● **The problem**
Give the data again exactly as written, skipping any pictures.

(Dataset section)

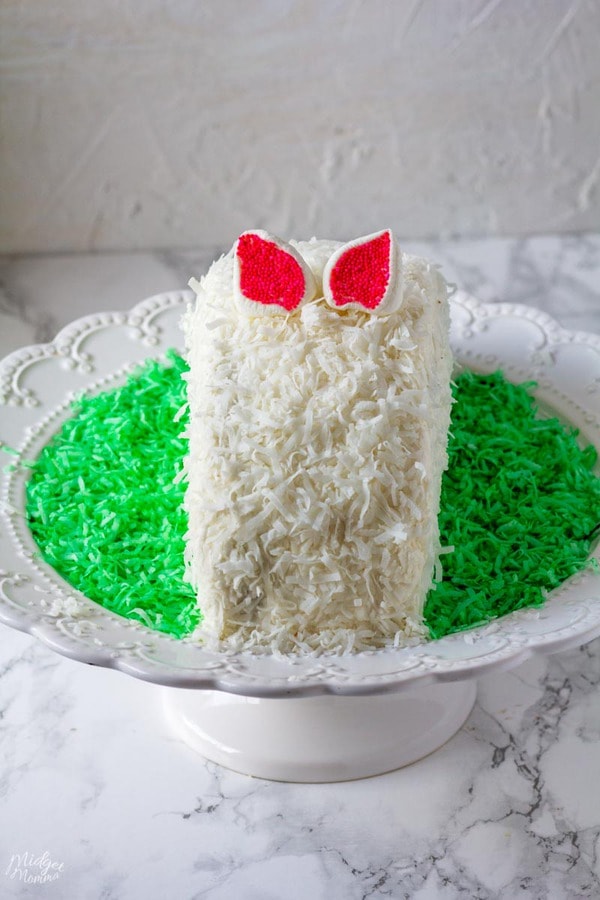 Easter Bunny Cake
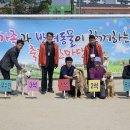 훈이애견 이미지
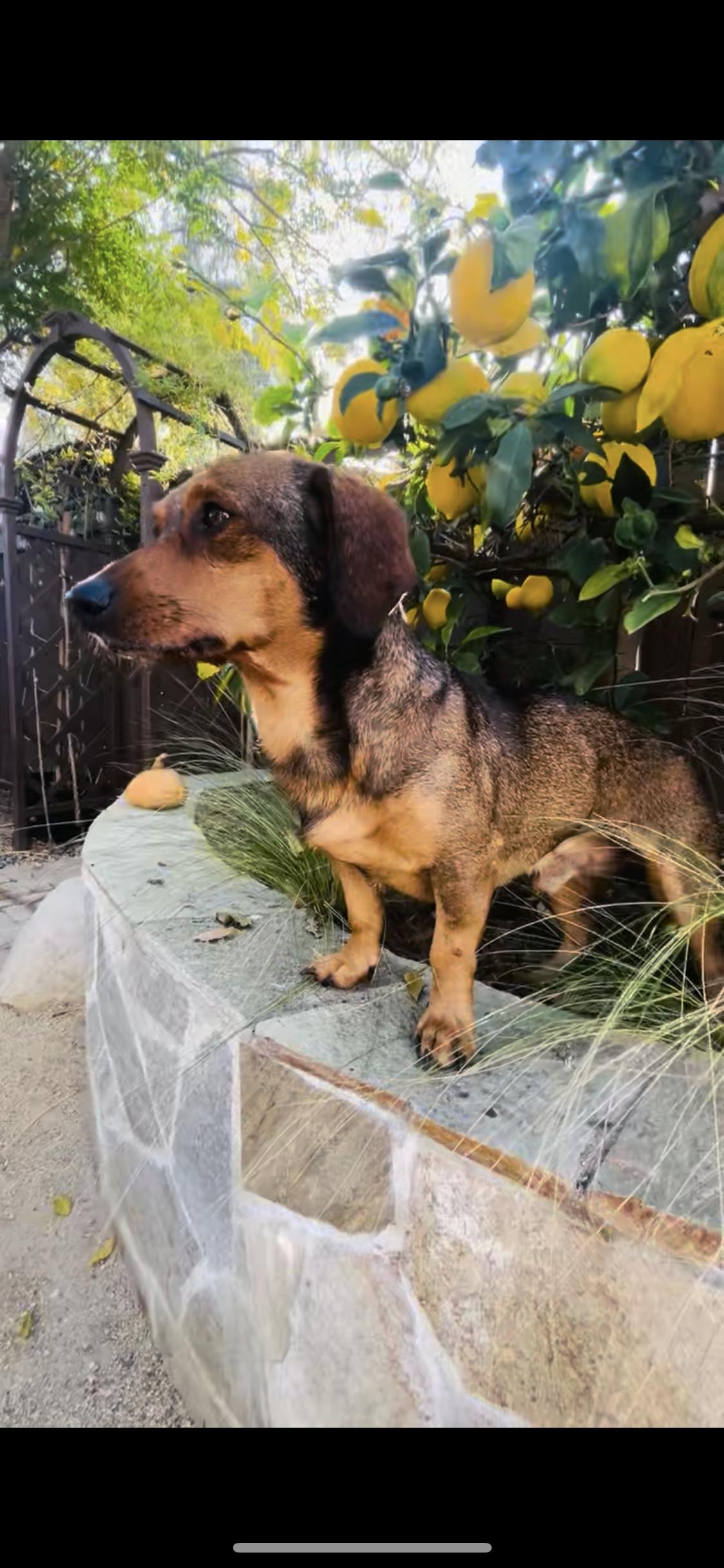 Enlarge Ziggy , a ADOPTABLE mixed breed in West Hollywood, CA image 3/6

(End Dataset section)

● **Expected answer**
 Easter Bunny Cake
 훈이애견 이미지
 Enlarge Ziggy , a ADOPTABLE mixed breed in West Hollywood, CA image 3/6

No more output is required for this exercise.